Le Congrès de Montpellier de la Coopérative de l'Enseignement, persuadé de la nécessité de lutter dès maintenant contre ces formes insidieuses du fascisme scolaire, nous a donné mandat :

De donner notre adhésion morale aux divers mouvements antifascistes.
De dénoncer les formes ci-dessus du fascisme scolaire et de l'accentuation de l'exploitation capitaliste.
D'inviter les animateurs des divers mouvements antifascistes à accorder à ces formes du fascisme scolaire une attention toute particulière.
De demander tout spécialement à tous les instituteurs, à tous les éducateurs qui prennent la parole dans une assemblée antifasciste, de ne point rester sur le terrain vague des généralités, mais de s'occuper tout spécialement du fascisme à l'école, en en dénonçant les hypocrites et dangereuses manifestations.

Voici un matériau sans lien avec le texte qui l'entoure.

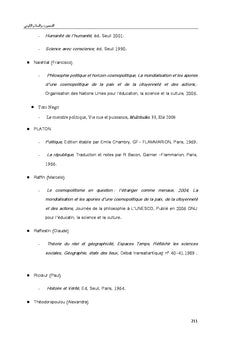 Pour un espace public mondial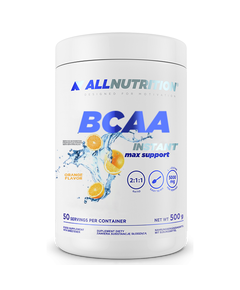 BCAA Max Support Instant - 500g Orange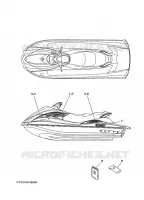 EMBLEME pour Yamaha JET 2010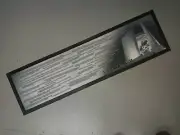 AUSTRALIAN VIETNAM MEMORIAL SILVER BAR RUNNER - RUBBER BACKED MAT NEW MADE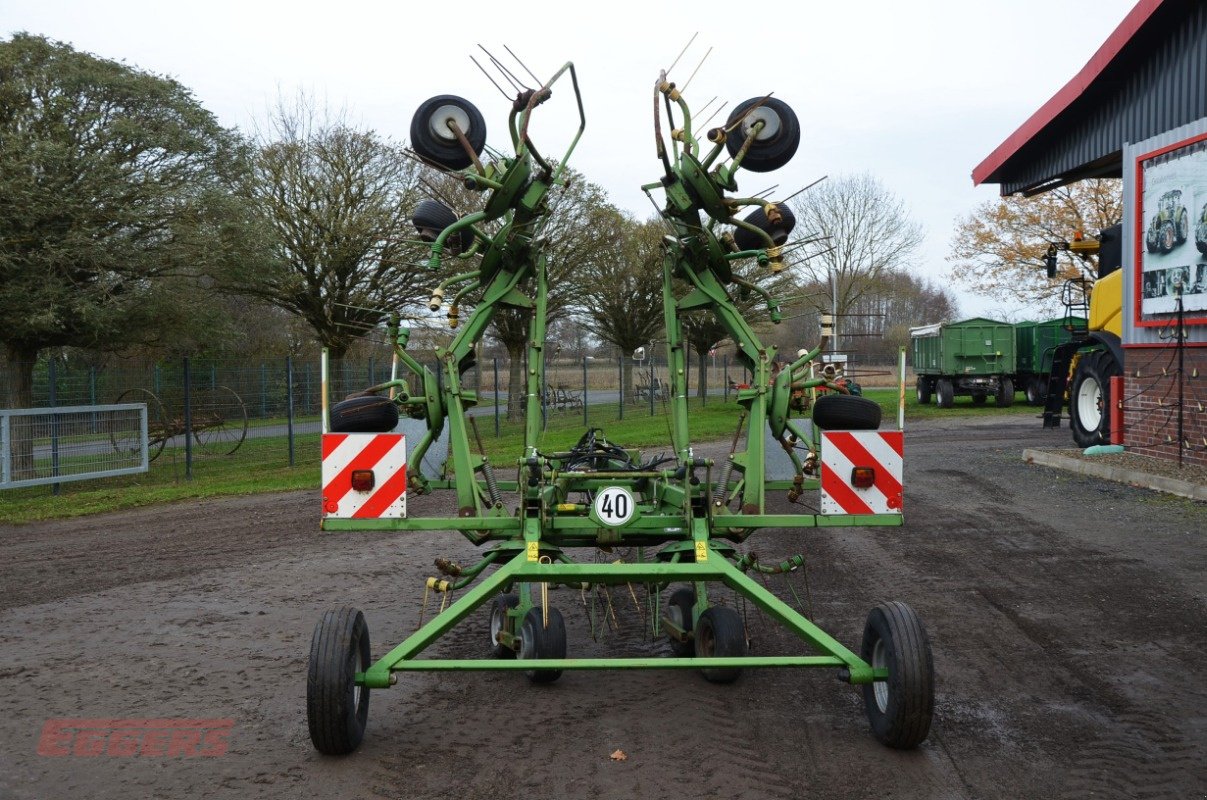 Kreiselheuer Türe ait Krone KWT 8.50/8, Gebrauchtmaschine içinde Suhlendorf (resim 4)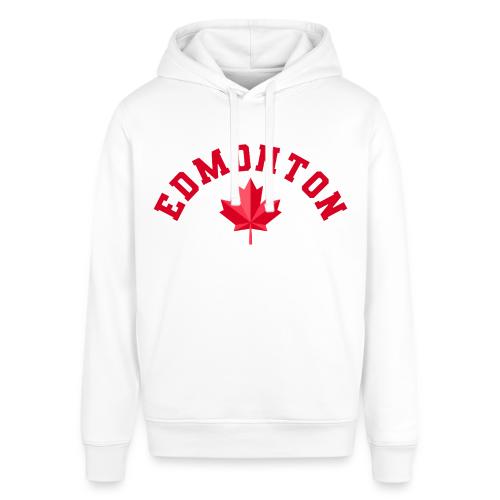 Edmonton with maple leaf - Stanley/Stella Sounder Side Pocket Hoodie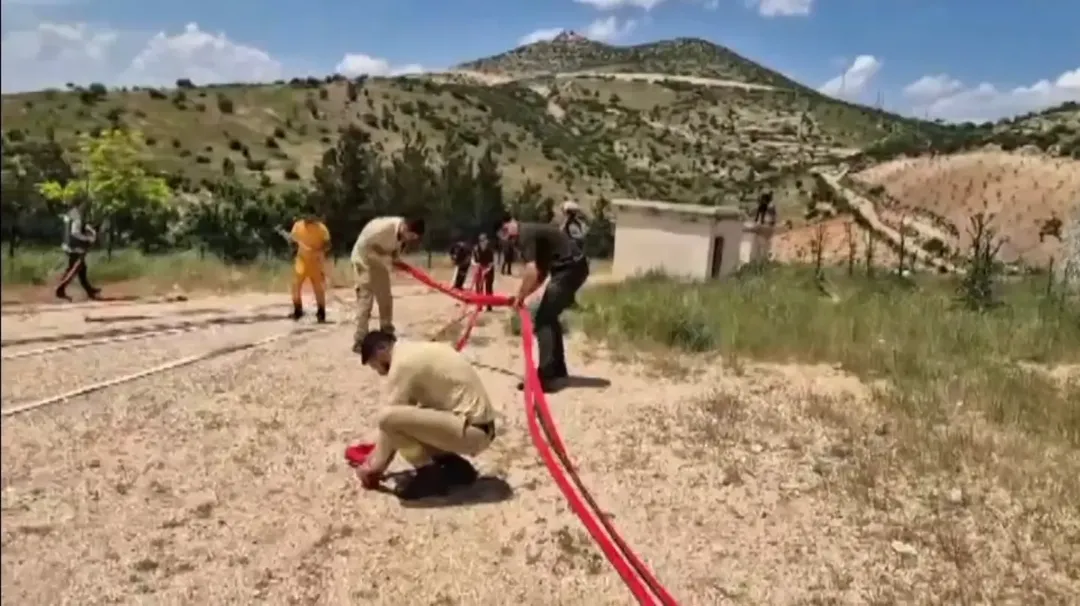 🌲 Siirt Orman İşletme Müdürlüğümüz Ev Sahipliğinde, Şırnak Orman İşletme Müdürlüğü Ile B (1)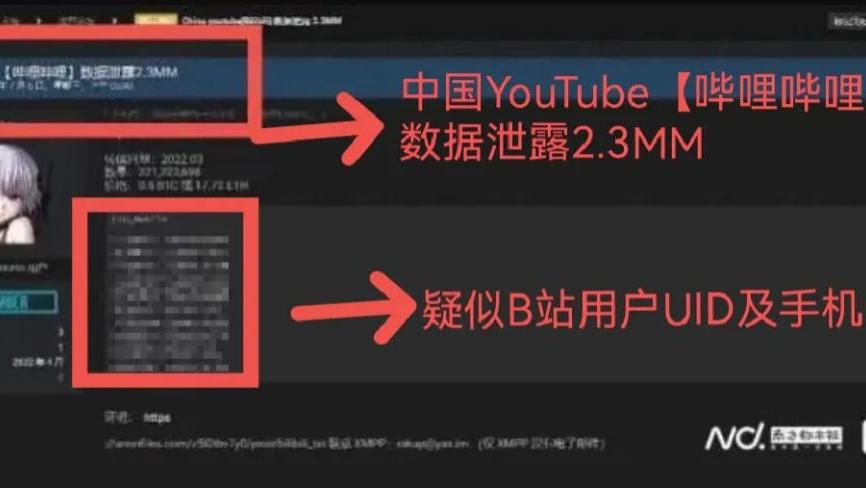 bilibili|B站2.2亿条用户信息遭泄露？官方回应！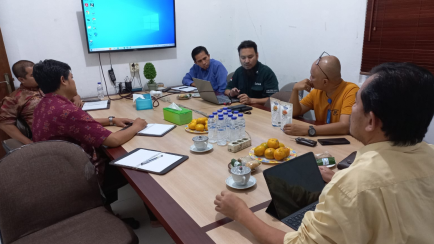 Diskusi bersama ICS Food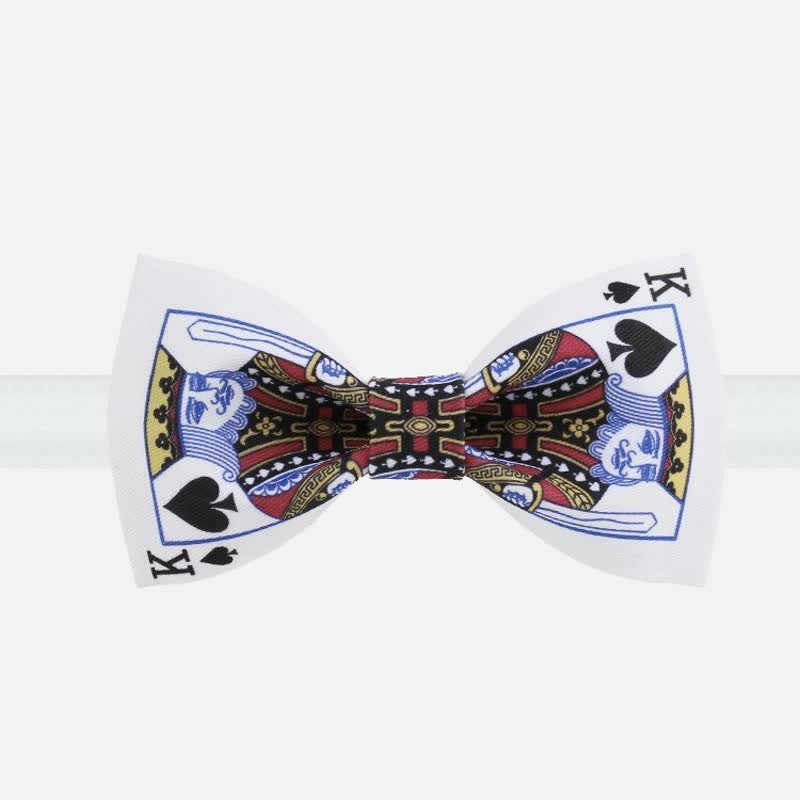 Men's The King of Spades Bow Tie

D'engager les parents ouvriers et paysans à constituer dès maintenant des associations de parents prolétariens, avec des buts élargis dans le sens que nous venons d'indiquer, de façon à lutter sur un terrain nouveau, pour la sauvegarde idéologique de la jeunesse, espoir et avenir de la victoire du prolétariat.
C'est parce que nous élargissons le champ de lutte au-delà des diverses tendances idéologiques pour ne considérer que le sort de la jeunesse prolétarienne que la Coopérative de l'enseignement laïc, qui a su animer pour l'action pédagogique des milliers d'instituteurs de toutes tendances, est sûre d'être entendue quand elle fait appel aux groupements antifascistes et à toutes les organisations prolétariennes, pour demander qu'on arrache au fascisme criminel les enfants ouvriers et paysans,

Pour le C. A. de la Coopérative : C. FREINET.